> [PROVIDED ENTRIES]
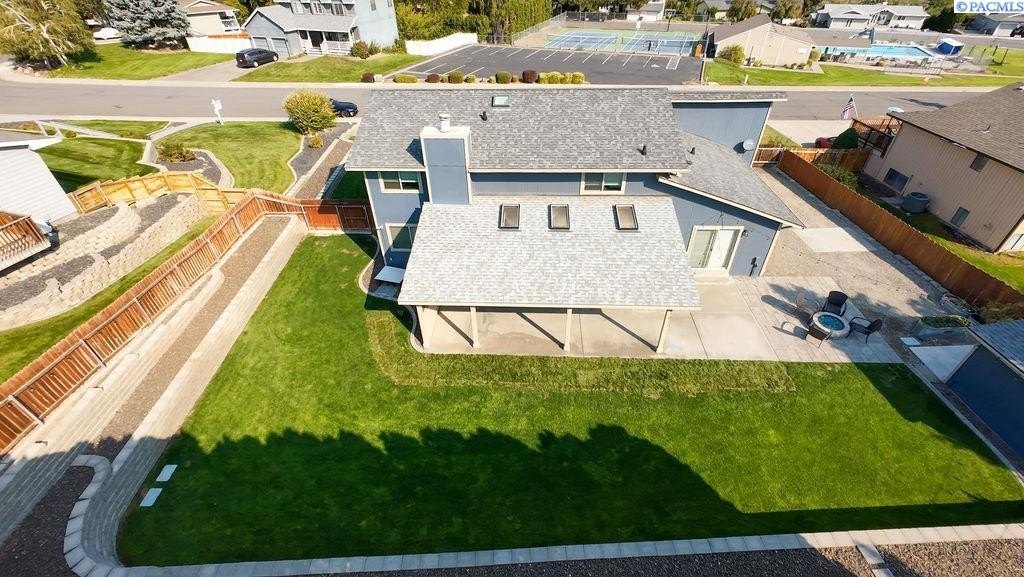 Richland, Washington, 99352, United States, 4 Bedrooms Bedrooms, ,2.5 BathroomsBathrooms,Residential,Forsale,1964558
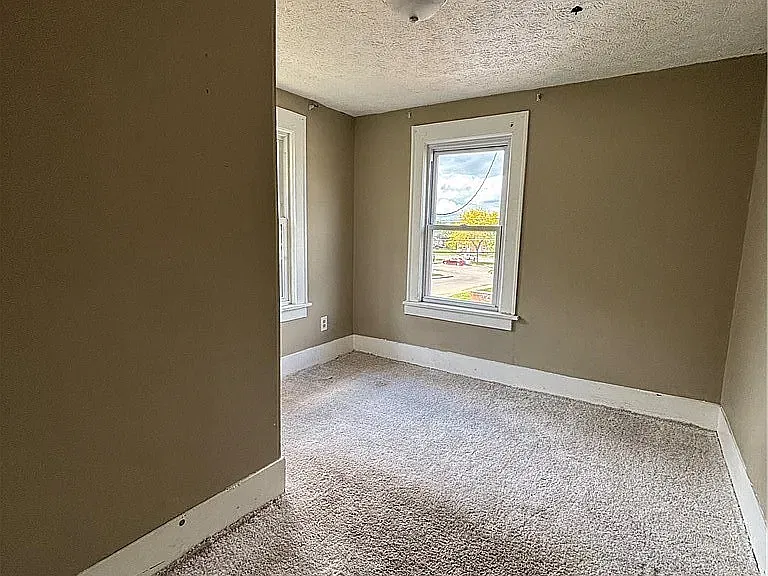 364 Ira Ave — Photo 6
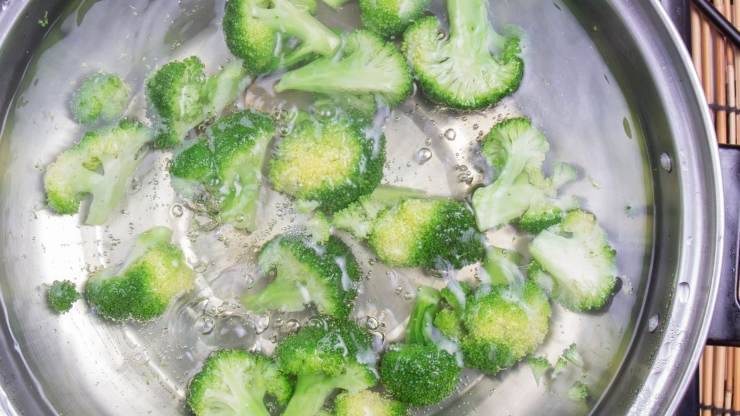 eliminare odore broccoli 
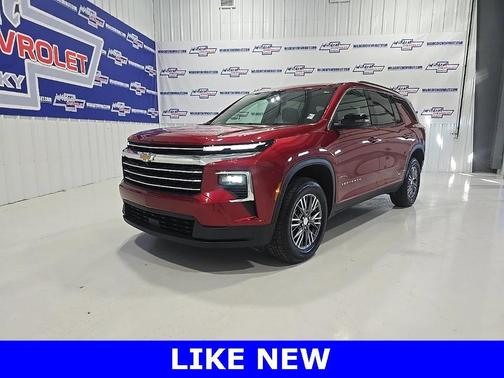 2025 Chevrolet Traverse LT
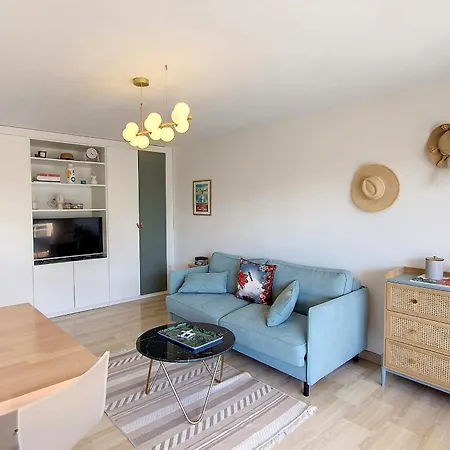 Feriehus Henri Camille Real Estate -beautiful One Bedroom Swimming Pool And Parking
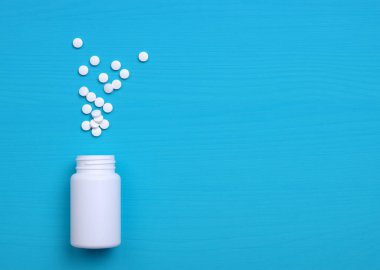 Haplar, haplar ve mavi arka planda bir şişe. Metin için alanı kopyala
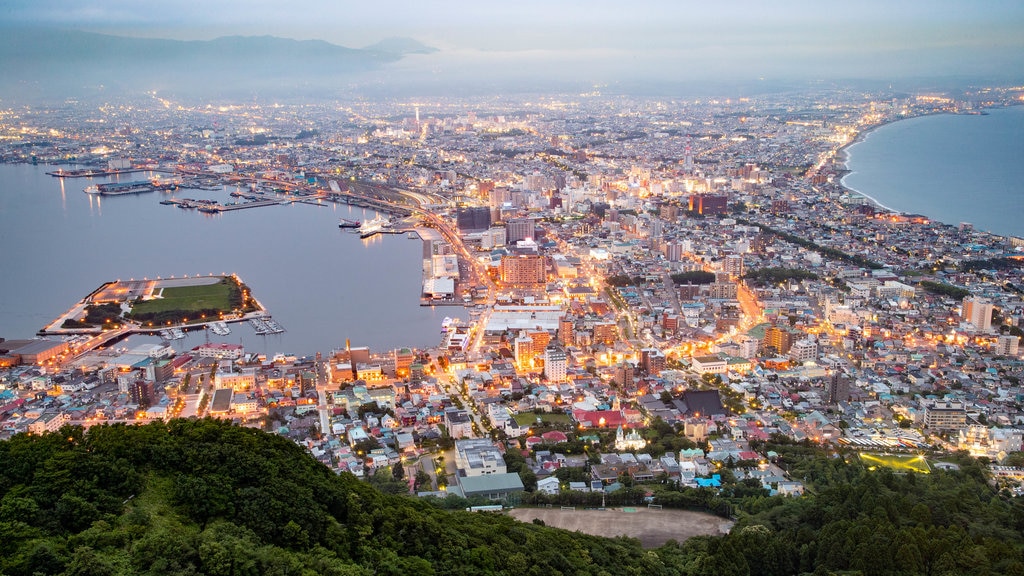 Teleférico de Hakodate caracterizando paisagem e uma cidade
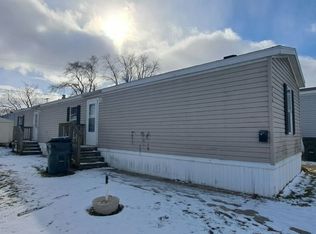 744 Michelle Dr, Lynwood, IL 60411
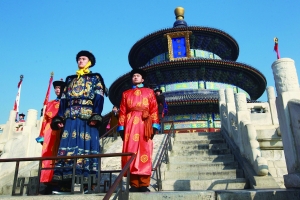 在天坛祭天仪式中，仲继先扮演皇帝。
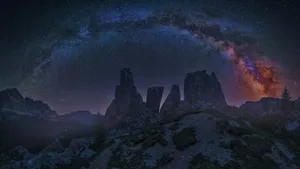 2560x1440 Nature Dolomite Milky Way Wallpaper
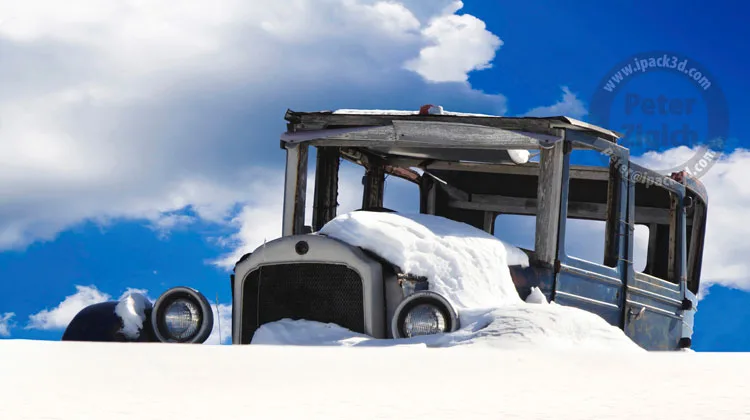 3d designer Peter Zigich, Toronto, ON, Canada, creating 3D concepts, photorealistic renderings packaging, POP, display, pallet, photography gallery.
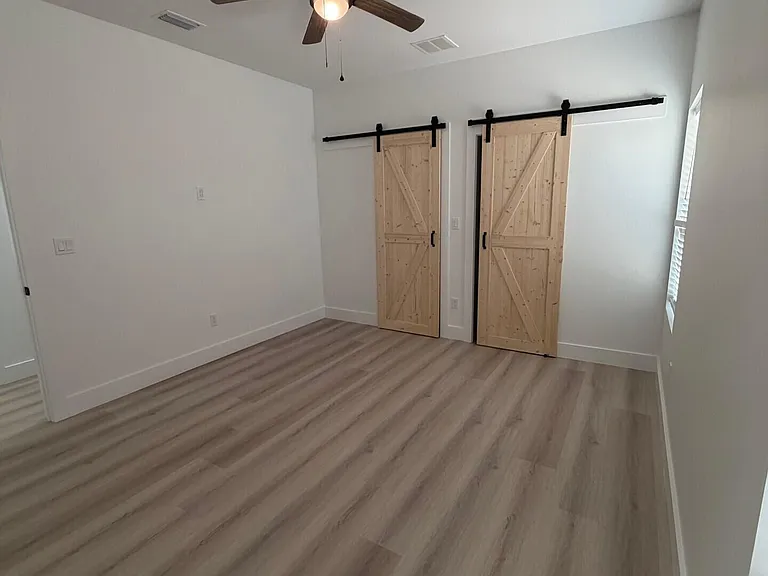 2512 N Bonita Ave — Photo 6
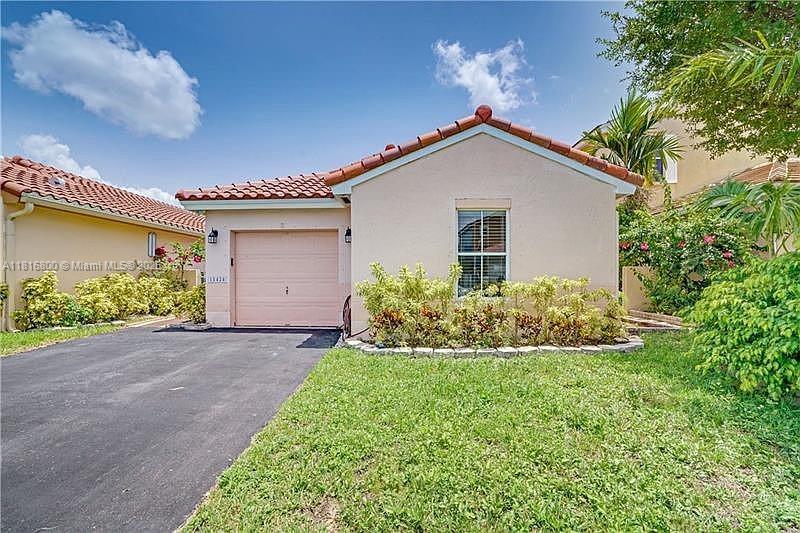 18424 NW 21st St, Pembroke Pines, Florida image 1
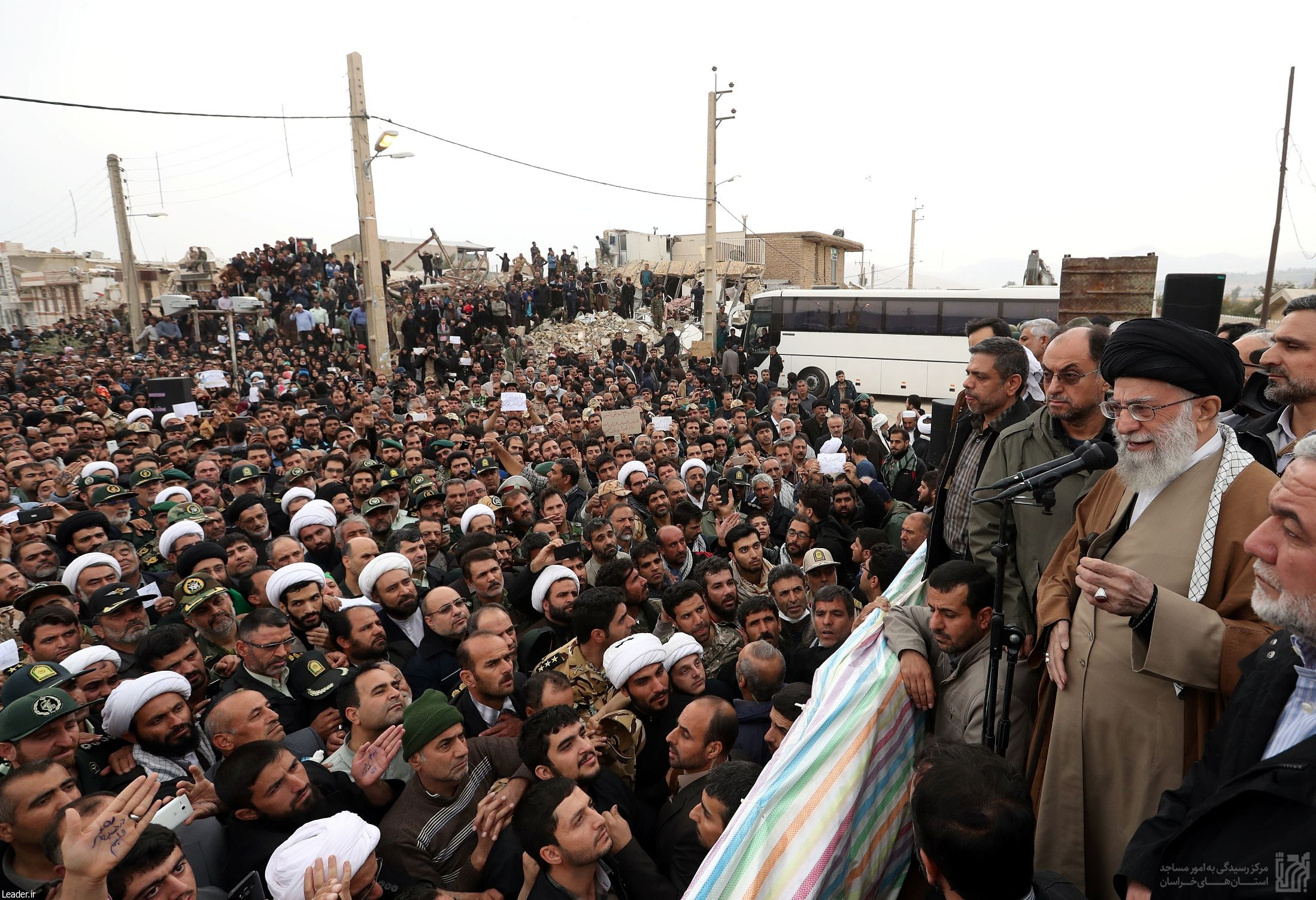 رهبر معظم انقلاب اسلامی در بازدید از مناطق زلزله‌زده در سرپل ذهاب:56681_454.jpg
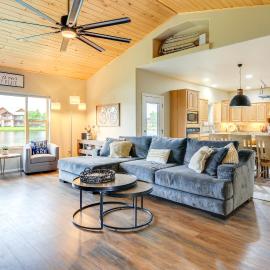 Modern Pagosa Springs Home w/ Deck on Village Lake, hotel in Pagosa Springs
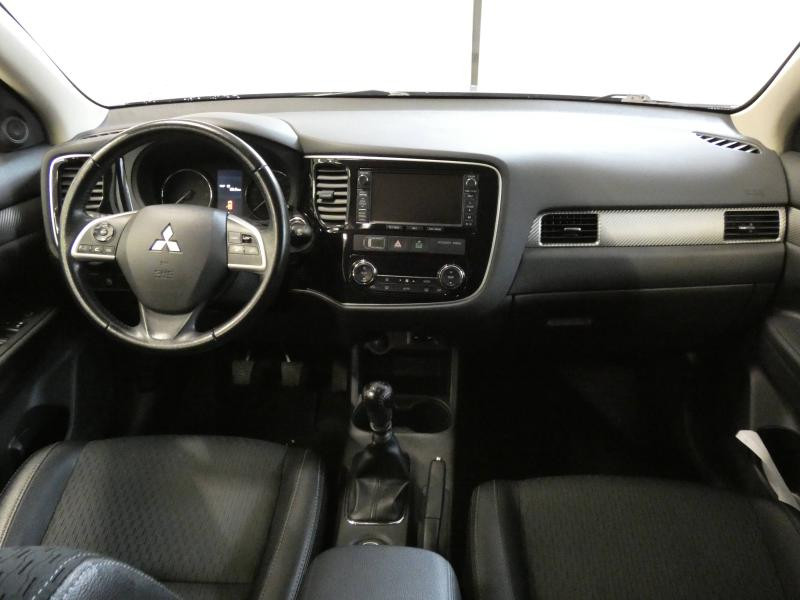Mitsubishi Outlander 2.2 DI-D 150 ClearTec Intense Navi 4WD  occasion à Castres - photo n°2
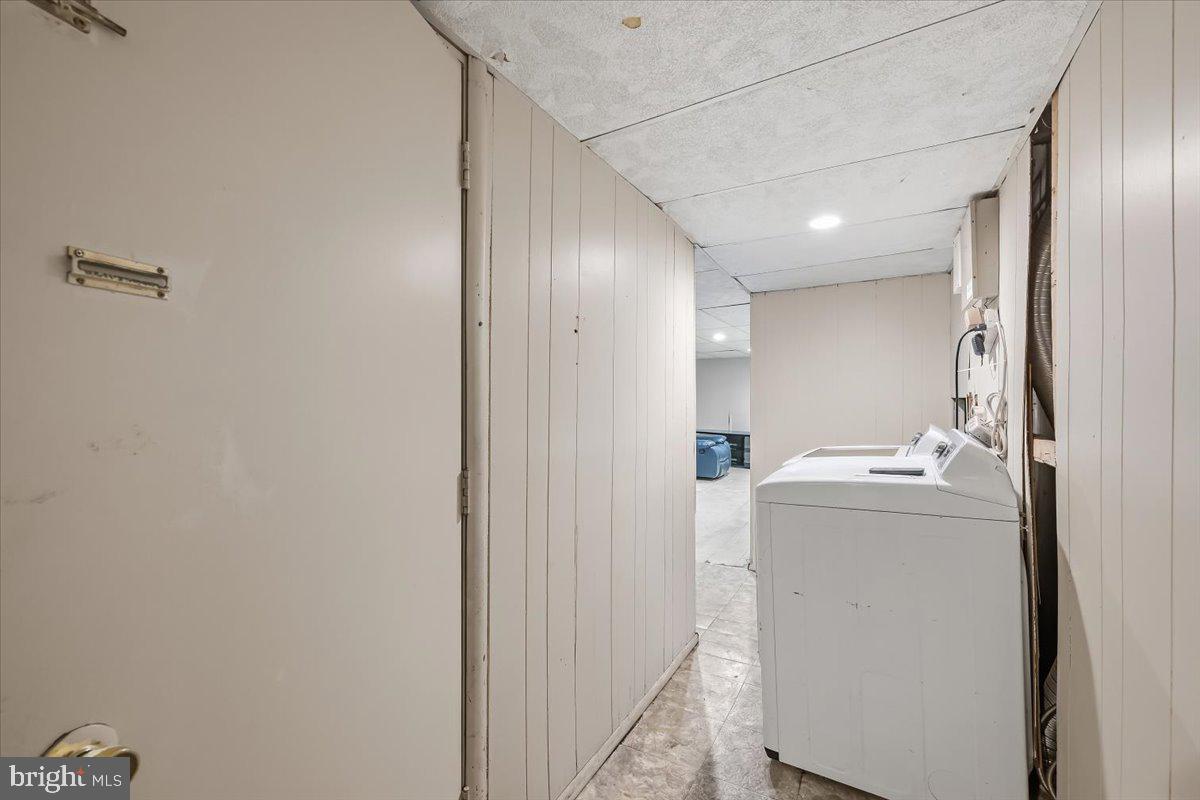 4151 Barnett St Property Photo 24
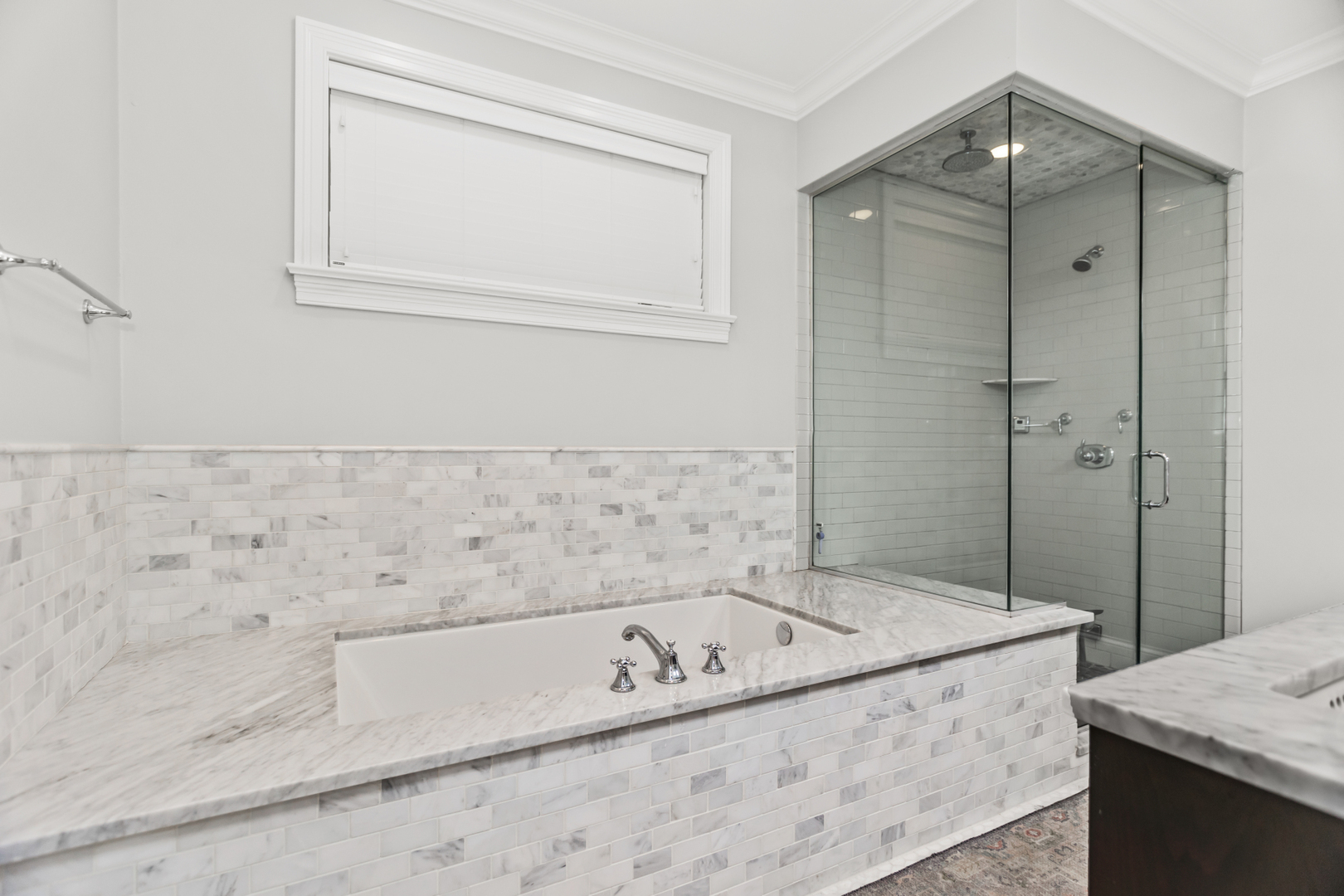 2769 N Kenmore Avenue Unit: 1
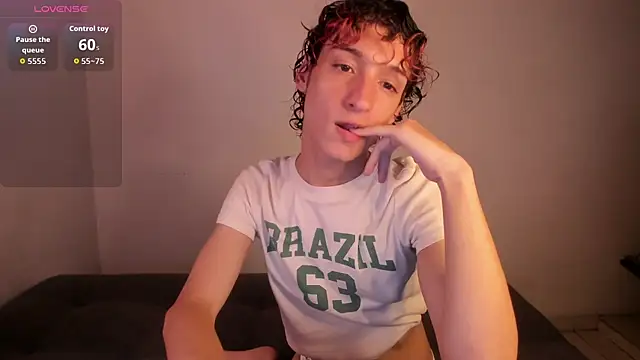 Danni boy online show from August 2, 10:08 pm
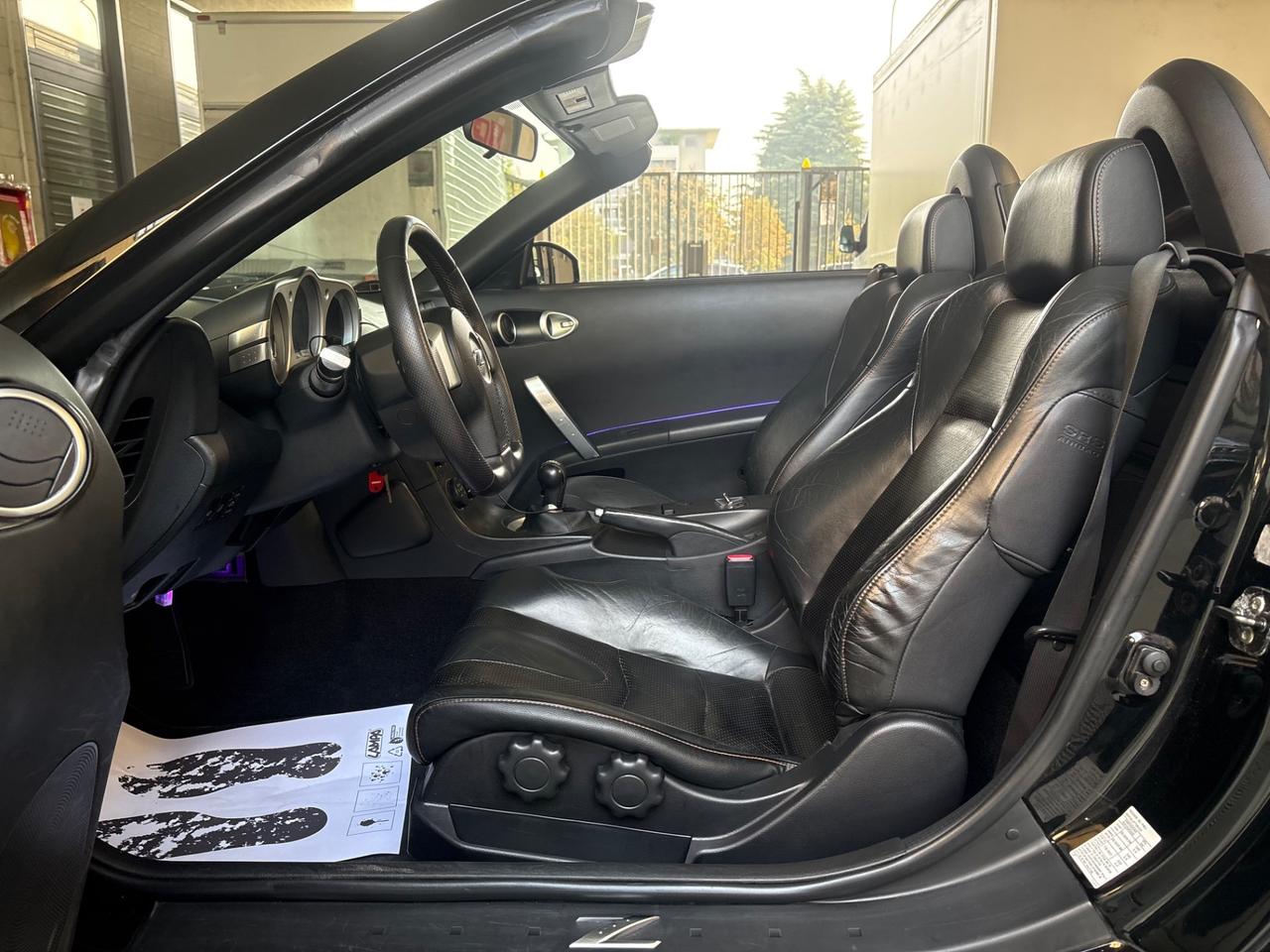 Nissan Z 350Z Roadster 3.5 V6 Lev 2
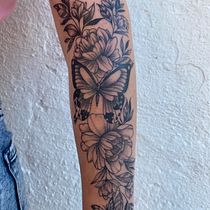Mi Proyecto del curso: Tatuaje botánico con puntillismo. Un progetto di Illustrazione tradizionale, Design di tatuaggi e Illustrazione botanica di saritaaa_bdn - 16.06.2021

> [PROBLEM DESCRIPTION]
Repeat nothing but the lines from the one containing "2512 N Bonita Ave — Photo 6" through the last line of the listing, both included, exactly as written, and omit any picture.

> [RESPONSE BOX]
 2512 N Bonita Ave — Photo 6
 18424 NW 21st St, Pembroke Pines, Florida image 1
 رهبر معظم انقلاب اسلامی در بازدید از مناطق زلزله‌زده در سرپل ذهاب:56681_454.jpg
 Modern Pagosa Springs Home w/ Deck on Village Lake, hotel in Pagosa Springs
Mitsubishi Outlander 2.2 DI-D 150 ClearTec Intense Navi 4WD  occasion à Castres - photo n°2
 4151 Barnett St Property Photo 24
 2769 N Kenmore Avenue Unit: 1
 Danni boy online show from August 2, 10:08 pm
 Nissan Z 350Z Roadster 3.5 V6 Lev 2
Mi Proyecto del curso: Tatuaje botánico con puntillismo. Un progetto di Illustrazione tradizionale, Design di tatuaggi e Illustrazione botanica di saritaaa_bdn - 16.06.2021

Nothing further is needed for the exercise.